Today, their teaching artist from San Benito County Arts Council, Clay Peer, has shown them how to sketch and color a cake, using skills learned in previous lessons.
“It’s exciting,” beamed third-grader Chantal Saucedo. “The first day we met [Clay], he taught us how to draw Legos. He also had something cut out for us, like a leaf, then we traced it. We used color pastels, and used cold colors and warm colors to color it after.”
It’s this kind of excitement about art—and the desire to learn its techniques—that Superintendent Diego Ochoa was hoping for when he helped launch the expansion of Hollister School District’s partnership with San Benito County Arts Council over the summer.

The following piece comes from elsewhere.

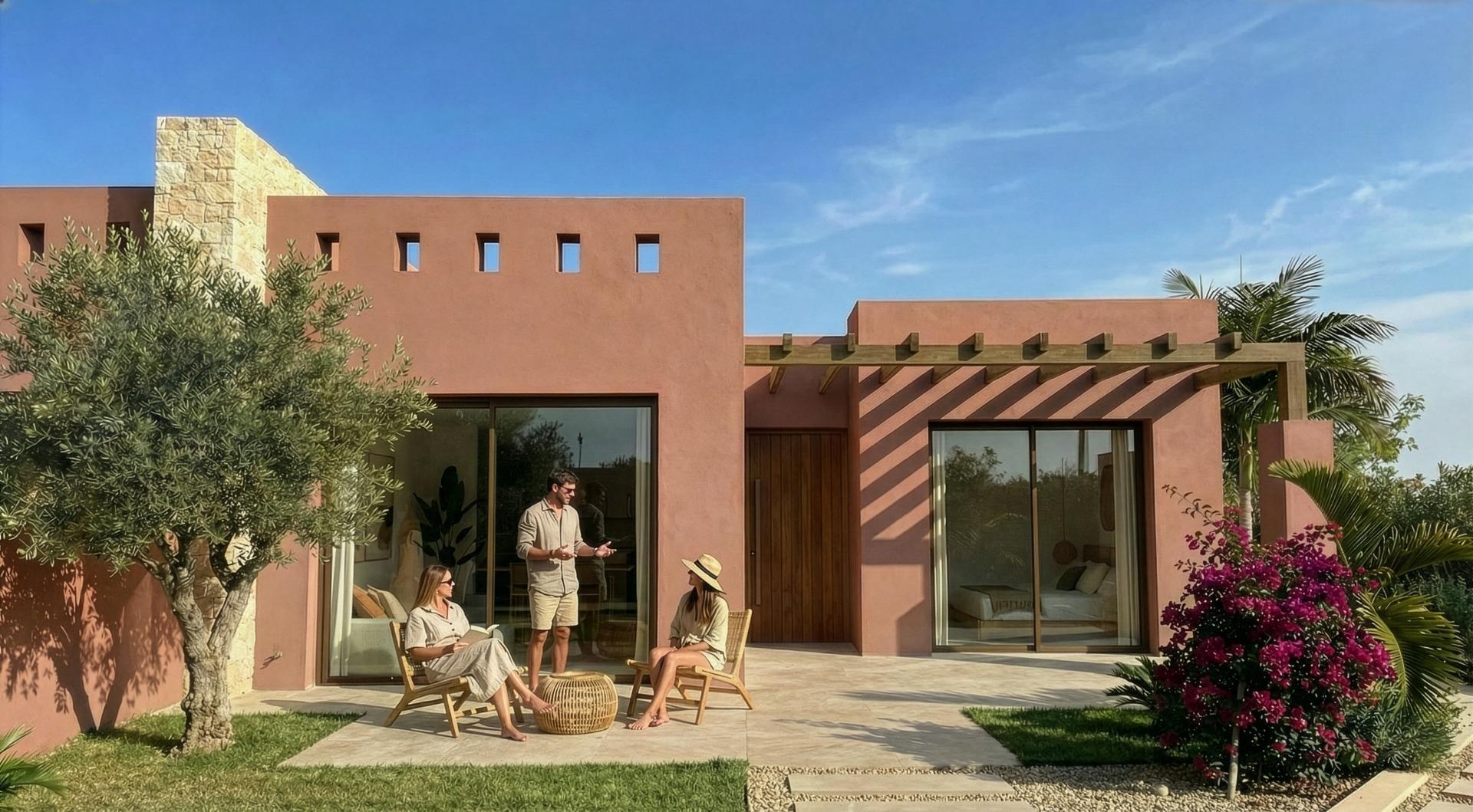 Новые виллы в курортном комплексе El Alba Mediterranean Resort в Торре Пачеко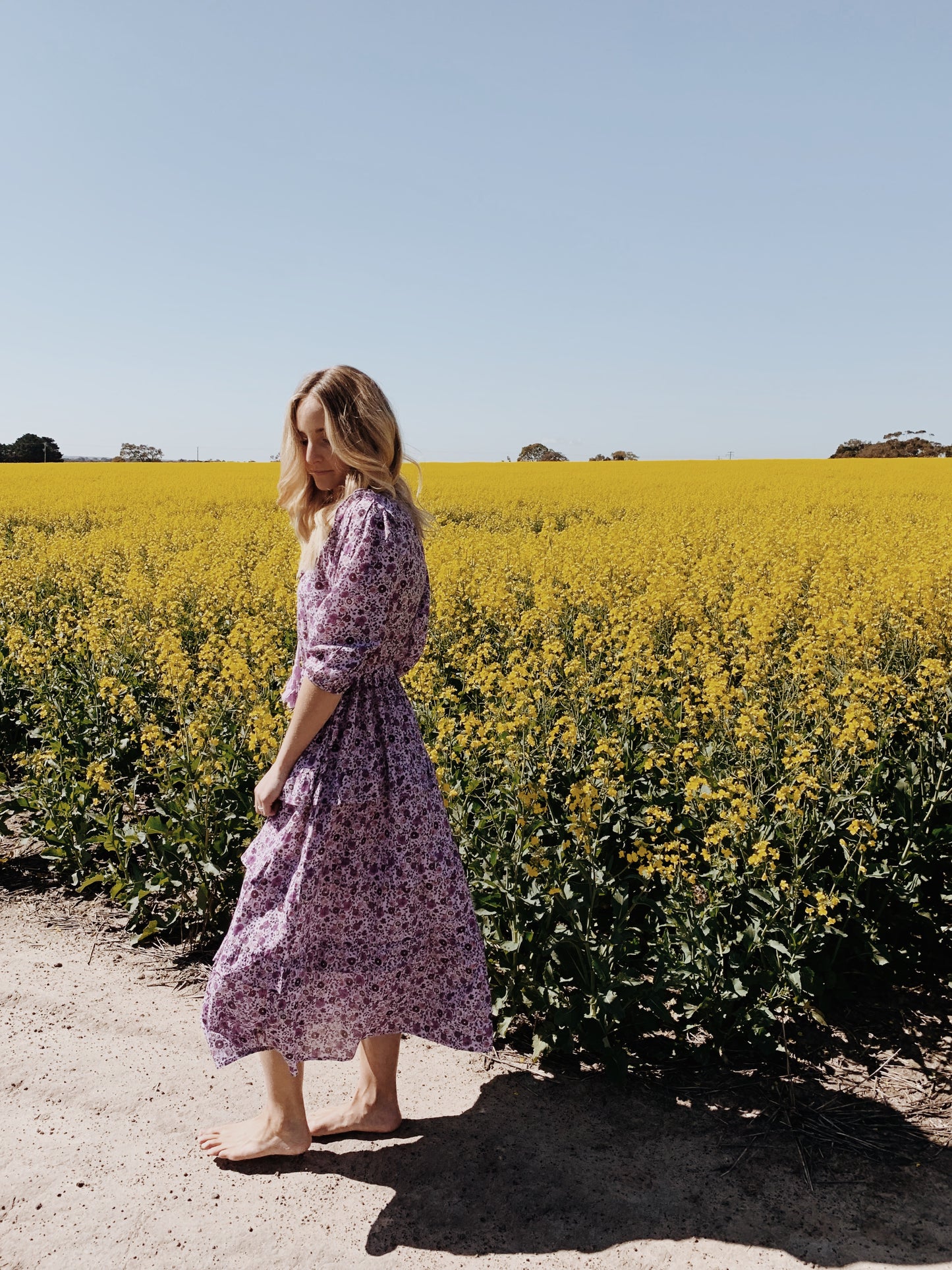 THEA PURPLE FLORAL DRESS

“It was the partnership that the Arts Council had with the County Office of Education that led me to want to pursue more arts education,” Ochoa said. “In my work with Superintendent Krystal Lomanto, she just really explained to me how integral the Arts Council has been in developing these programs. That’s a big part of where this program came from; my collaboration with Krystal.”
Since September, every third through fifth grade classroom throughout the district has been part of the art education program provided by the SBC Arts Council. Teaching artists visit school sites throughout the week to ensure each class receives one art lesson per week.
While the SBC Arts Council’s pre-existing partnership with HSD schools (with one or two programs per year) established a spark for students, it was only “a drop in the bucket,” admitted Jennifer Laine, executive director of the SBC Arts Council.
But when Amanda Chiado, director of the Arts Education for the SBC Arts Council, began collaborating with Ochoa over the summer, both—fairly new to their positions—were able to bring fresh perspectives and knowledge to their partnership, leading to the new expansive program.
“This program is new and is definitely aimed at having a deeper and longer lasting impact,” Laine said.
In preparation for the program, nine new teaching artists were hired onto the SBC Arts Council to teach the curriculum. Each are now working an average of 20 hours a week at the schools. Chiado is excited about this development, since the artists are now being brought into the schools “for something that’s really consistent.”
Peer, for instance, teaches art to 16 classes—or roughly 400 students.
“I’m on [the Gabilan Hills] campus five days a week,” he said. “Monday, Wednesday and Friday is with the Hollister Dual Language Academy; I see third, fourth and fifth there. And then Thursday and Friday is with Gabilan Hills.”
Homeroom teachers are also benefiting from collaborative opportunities with the teaching artists—developing their own skills and honing in on those of their students.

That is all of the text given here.